ただ、取引相手である我々がその不誠実さに絡め取られ、不利益を被るような生き方は、御免ですよね。そのために、誠実さと、不誠実さを見分けられるような目を、若いうちから磨いておくということは重要だと思うのです。

ギブ&ギブの誘いには乗らない

「相手に利用される可能性がある」と理解した上で取引することもまた一つの選択です。とはいえ、不誠実な相手から得られる情報に、どれだけの価値があるでしょうか?また、自分の予想を超える方法で悪意の包囲を固めてくる可能性もあります。

私が言いたいことは「ギブ&ギブ」の誘いには乗らないことがベターな生き方だということです。

何もないことが大半な世の中ではありますが、それが対・自分のケースであるとは限りません。

また、ギブ&ギブで得たものより、自分から探り、獲得したもののほうが、より自分にとって実になるものだと私は考えています。仮に自分で獲得したものが役に立たなかったとしても、「なぜ役に立たなかったか?」「次はどう動いたらいいだろう?」と反省を繰り返すのです。それが森を出て狩りを捨てた人間という生物としての”成長”だと私は思います。
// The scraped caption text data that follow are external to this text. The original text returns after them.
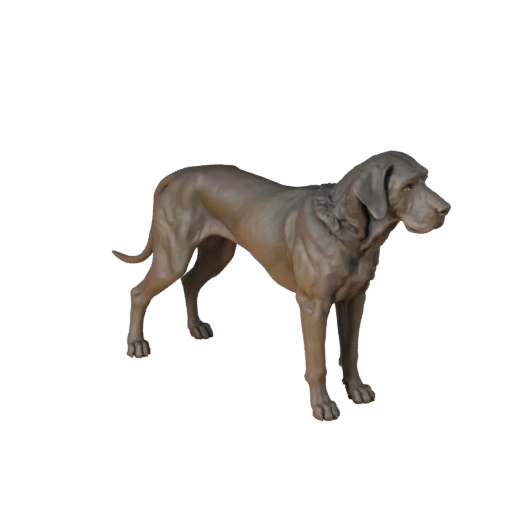 Modèle 3D réaliste de chien Dogue Allemand - Asset PBR Riggué pour Jeux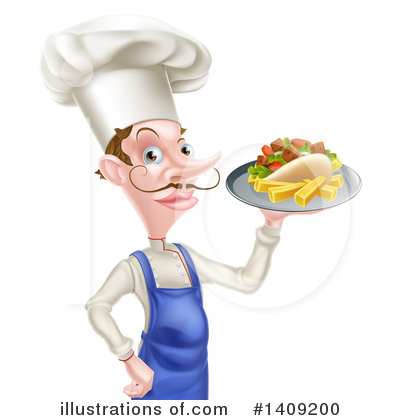Kebab Clipart #1409200 by AtStockIllustration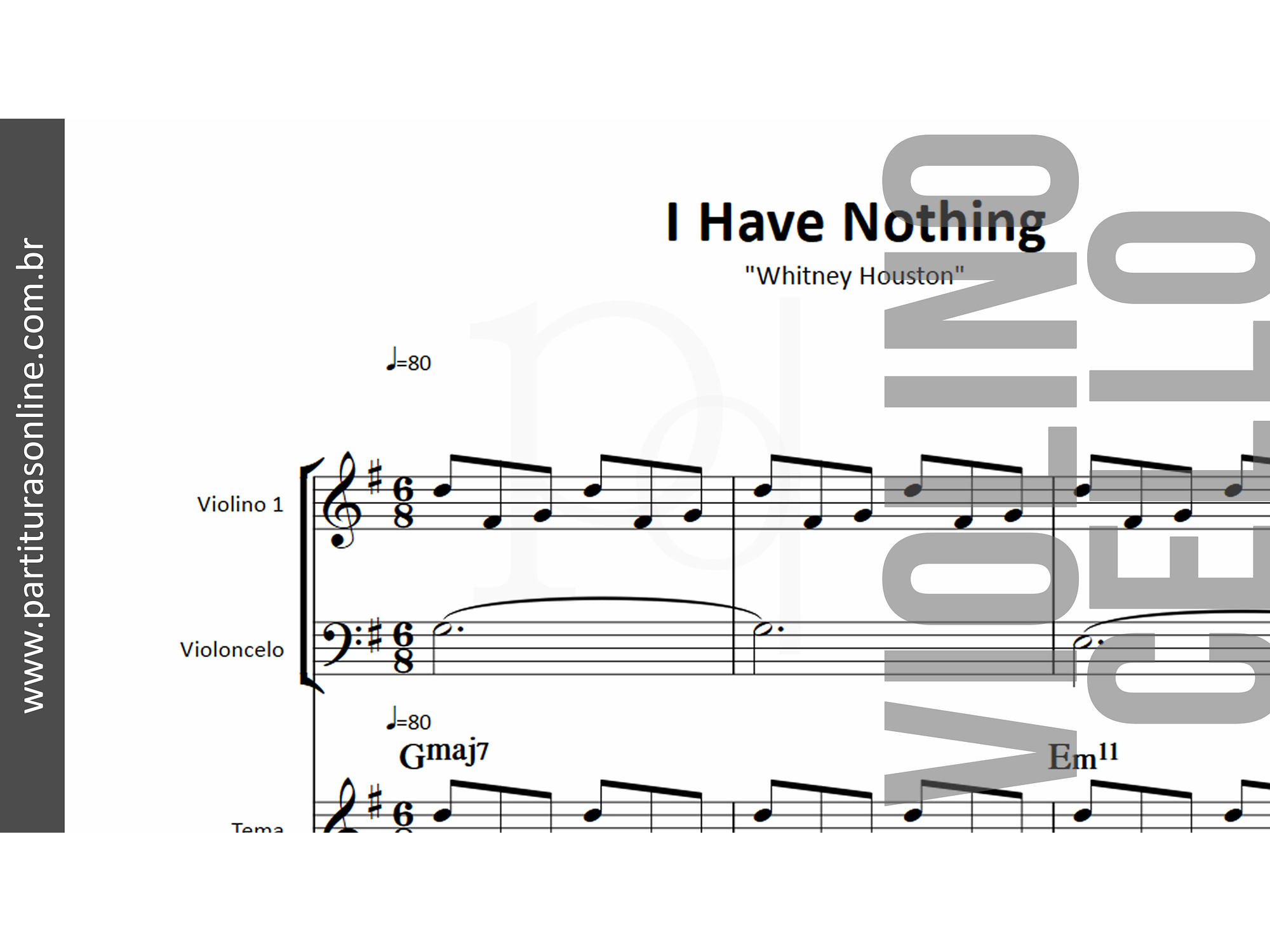 I Have Nothing | Whitney Houston - Violino & Violoncelo 2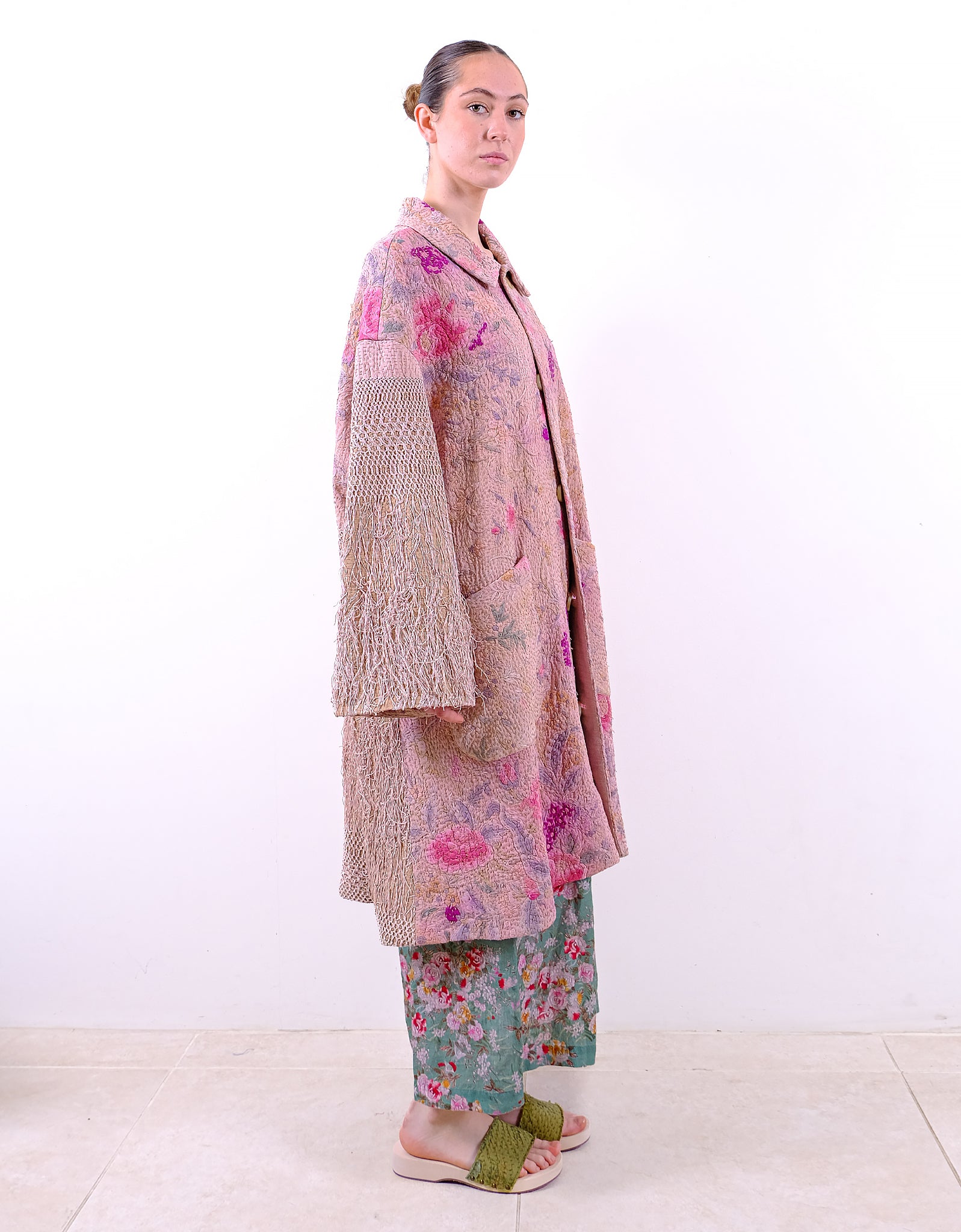19th Century Silk Georgina Swing Coat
人同士の連携もまた価値ではありますが、繋がりによって得たものは、繋がりの消失とともに無意味になることも多いですよね。

まとめ

就活は人生を決める大事な経験ですが、本当に必要なのは「生きる力」です。若い人たちが右往左往している様を毎年春見かけるたびに思うことです。

何かに左右されたりせず、自分の力で立って生きるための考え方を見つけることが一番大切だと思う、今日この頃。まあ、それがわかるのは、年取ってからだというのも、また味があっていいですけどね。